• _What you are asked to do_: From the listing that follows, output everything exactly except the pictures.

• _Material to process_:
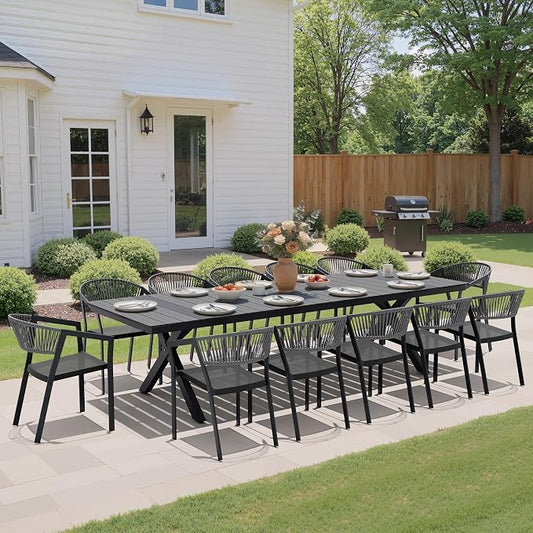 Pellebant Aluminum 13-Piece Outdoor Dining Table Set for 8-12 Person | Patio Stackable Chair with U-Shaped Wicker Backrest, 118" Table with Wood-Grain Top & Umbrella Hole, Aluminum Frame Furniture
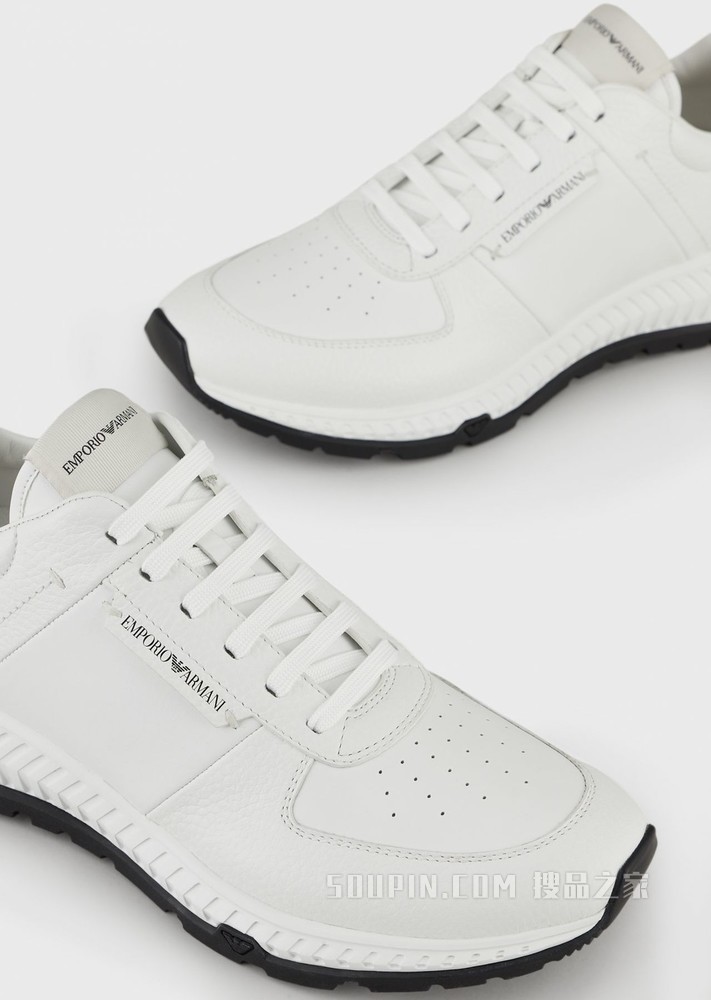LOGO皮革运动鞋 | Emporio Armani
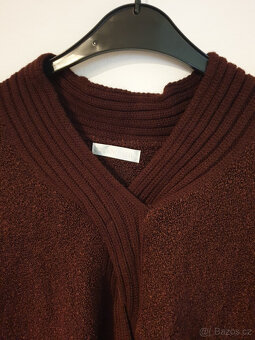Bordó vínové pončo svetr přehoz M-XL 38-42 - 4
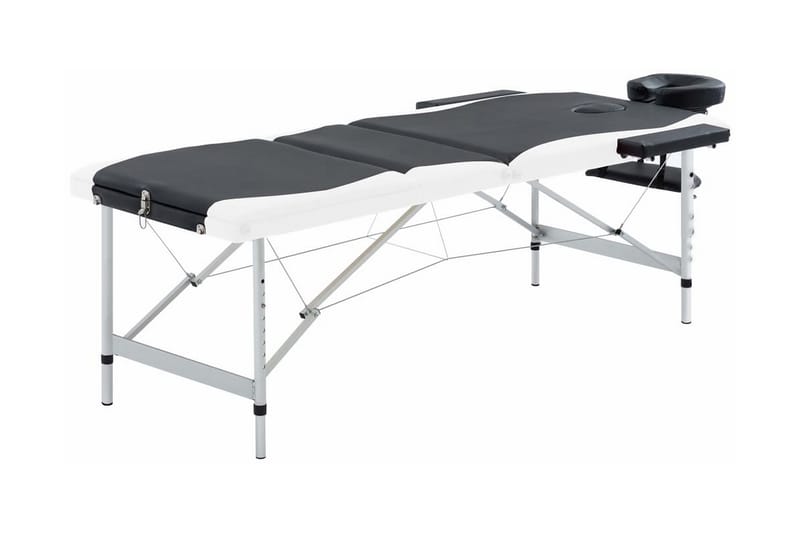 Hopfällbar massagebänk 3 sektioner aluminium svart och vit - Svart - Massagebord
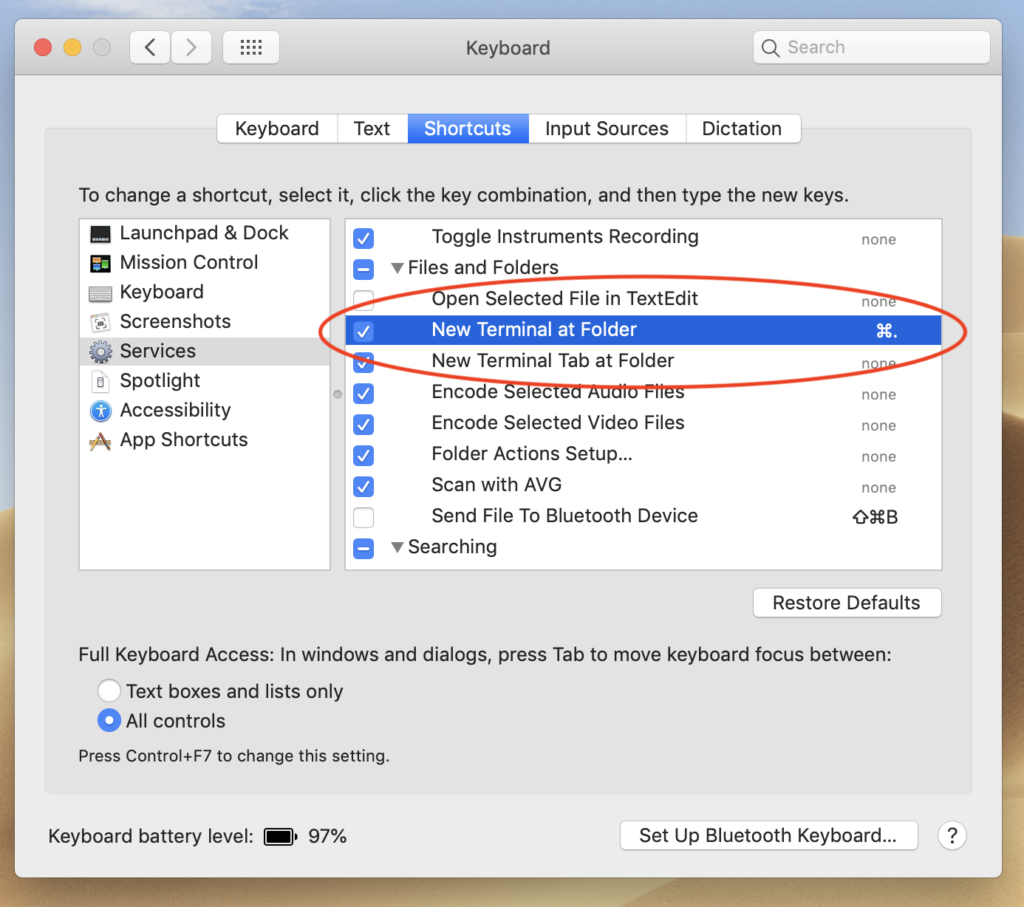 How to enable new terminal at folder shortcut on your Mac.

• _Response to this exercise_:
 Pellebant Aluminum 13-Piece Outdoor Dining Table Set for 8-12 Person | Patio Stackable Chair with U-Shaped Wicker Backrest, 118" Table with Wood-Grain Top & Umbrella Hole, Aluminum Frame Furniture
LOGO皮革运动鞋 | Emporio Armani
Bordó vínové pončo svetr přehoz M-XL 38-42 - 4
 Hopfällbar massagebänk 3 sektioner aluminium svart och vit - Svart - Massagebord
 How to enable new terminal at folder shortcut on your Mac.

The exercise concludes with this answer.